Closed mainulpolash closed 5 years ago
Actually, I wanted to do query focused abstractive summarization using transformer model.
How will you be using the query? Will the query select some relevant portion of a given passage and then the model will summarize that portion?
Yeah, it is kind of that. Here is an example:
Document: "archbishop john foley a vatican spokesman says in : i know it would be an insult to the priests who have remained faithful to readmit these persons who have left the priesthood in ordering to marry." Query: is it wrong to maintain the tradition of Catholic priest celibacy? Summary: allowing priests to marrying insults celibacy.
You would first need a relevant dataset; but I don't think there really is a publicly available dataset specifically for query focused summarization.
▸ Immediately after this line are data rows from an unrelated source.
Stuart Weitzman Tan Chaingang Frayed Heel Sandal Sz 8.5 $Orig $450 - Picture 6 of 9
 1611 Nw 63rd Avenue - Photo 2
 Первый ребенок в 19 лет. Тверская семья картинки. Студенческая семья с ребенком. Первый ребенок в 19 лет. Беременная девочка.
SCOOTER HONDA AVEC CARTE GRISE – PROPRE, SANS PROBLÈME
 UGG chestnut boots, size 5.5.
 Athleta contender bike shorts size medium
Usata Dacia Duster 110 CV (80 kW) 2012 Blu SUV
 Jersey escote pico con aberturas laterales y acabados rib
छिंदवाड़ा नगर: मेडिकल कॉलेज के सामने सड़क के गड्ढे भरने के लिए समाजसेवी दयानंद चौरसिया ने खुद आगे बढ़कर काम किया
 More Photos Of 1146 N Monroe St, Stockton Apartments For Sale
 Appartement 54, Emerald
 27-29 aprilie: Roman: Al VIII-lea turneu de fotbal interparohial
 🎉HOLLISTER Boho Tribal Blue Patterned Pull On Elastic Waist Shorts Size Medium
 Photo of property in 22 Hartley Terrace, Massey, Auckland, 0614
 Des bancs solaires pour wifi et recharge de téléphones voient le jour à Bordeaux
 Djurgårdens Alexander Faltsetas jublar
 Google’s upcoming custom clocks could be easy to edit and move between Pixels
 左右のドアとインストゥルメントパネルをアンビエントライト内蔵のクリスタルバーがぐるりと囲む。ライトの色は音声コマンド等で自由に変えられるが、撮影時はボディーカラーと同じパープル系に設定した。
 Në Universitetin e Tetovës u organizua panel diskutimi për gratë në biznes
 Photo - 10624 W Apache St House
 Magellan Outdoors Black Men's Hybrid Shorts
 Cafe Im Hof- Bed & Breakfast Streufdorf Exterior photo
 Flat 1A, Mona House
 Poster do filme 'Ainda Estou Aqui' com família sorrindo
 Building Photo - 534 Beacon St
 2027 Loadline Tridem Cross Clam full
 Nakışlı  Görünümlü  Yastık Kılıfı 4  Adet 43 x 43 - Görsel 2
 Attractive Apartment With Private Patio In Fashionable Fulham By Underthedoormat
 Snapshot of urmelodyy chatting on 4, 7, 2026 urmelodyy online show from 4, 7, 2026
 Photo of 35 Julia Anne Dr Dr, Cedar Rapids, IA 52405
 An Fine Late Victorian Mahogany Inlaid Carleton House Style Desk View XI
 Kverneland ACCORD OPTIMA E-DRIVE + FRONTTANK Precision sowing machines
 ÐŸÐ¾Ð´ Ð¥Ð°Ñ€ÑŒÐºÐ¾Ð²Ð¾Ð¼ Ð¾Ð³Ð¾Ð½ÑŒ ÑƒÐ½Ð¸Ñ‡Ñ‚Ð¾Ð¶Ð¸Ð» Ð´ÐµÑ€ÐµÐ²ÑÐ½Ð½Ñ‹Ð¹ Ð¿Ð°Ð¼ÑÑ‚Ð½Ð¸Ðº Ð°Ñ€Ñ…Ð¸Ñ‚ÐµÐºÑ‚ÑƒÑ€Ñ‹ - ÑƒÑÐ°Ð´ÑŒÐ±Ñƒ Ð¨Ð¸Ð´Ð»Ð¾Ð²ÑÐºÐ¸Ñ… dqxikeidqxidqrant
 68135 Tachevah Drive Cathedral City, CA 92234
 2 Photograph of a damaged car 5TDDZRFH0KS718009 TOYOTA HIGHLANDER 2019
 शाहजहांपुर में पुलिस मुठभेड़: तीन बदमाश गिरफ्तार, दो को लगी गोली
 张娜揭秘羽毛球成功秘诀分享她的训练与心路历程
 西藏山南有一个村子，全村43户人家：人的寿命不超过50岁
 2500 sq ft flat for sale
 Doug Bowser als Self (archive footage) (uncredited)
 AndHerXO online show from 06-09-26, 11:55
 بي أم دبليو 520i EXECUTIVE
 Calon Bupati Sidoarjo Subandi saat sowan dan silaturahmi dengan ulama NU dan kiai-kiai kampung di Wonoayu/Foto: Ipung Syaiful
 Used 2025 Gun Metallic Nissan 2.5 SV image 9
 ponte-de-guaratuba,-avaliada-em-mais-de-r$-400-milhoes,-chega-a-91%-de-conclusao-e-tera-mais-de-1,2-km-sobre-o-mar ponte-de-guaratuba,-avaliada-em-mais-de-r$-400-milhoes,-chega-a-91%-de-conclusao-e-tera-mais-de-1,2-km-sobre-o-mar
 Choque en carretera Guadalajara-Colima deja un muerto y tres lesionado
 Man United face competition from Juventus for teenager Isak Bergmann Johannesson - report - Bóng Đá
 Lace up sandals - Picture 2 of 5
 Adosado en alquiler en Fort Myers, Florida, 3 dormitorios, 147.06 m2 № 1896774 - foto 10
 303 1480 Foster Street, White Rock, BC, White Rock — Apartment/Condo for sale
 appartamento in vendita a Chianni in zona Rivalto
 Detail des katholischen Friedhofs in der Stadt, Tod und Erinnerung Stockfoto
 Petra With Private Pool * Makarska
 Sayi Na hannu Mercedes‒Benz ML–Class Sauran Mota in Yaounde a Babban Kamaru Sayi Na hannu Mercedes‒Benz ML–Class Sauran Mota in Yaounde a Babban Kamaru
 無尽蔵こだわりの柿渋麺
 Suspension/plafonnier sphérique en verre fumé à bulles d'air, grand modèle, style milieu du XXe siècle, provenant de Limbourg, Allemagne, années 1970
But what can be done is 1) Train a QA model\Reading-comprehension model - where the model will learn to extract a portion of the text based on a query 2) Train a abstractive summarization model 3) After training is done, put the output (the extracted text) of the QA model into model 2 (summarization model).
If you somehow get data specifically for query focused summarization, then ideally you want to create a reading-comprehension-QA inspired encoder that would encode both the query and the document (preferably with bi-directional attention and all that). Then use a decoder (RNN/Transformer) on the encoded portion (preferably with interlayer attention) for abstractive summarization. (in this way you can train query focused summarization in a straight forward end to end fashion).
Also found this paper from googling (haven't read it but may be relevant): https://arxiv.org/abs/1801.07704
A relevant dataset is available on query focused abstractive summarization. This is the link: https://arxiv.org/abs/1704.08300. I was trying to use your model. Encode both the query and passage using the encoder and merger both the encoder output, then decode. But I'm facing problem with the shape of transformer while doing this. Is it possible to do in the way I am thinking? Or do you have any better suggestion for me?
Yes, your overall idea sounds fine. But if it will work or not depends on the details of your implementation. Are you trying to go for transformers for both encoder and decoder?
Where exactly are you facing problem with the transformer?
If you are using transformers as encoder, how are you exactly merging?
One suggestion would be to allow some interaction (potentially attention) in between query and passage while encoding them, if you aren't already.
You mean something like question-answering? https://rajpurkar.github.io/SQuAD-explorer/ Usually this is done by encoding both query and the passage (from which the answer is to be extracted (or abstracted))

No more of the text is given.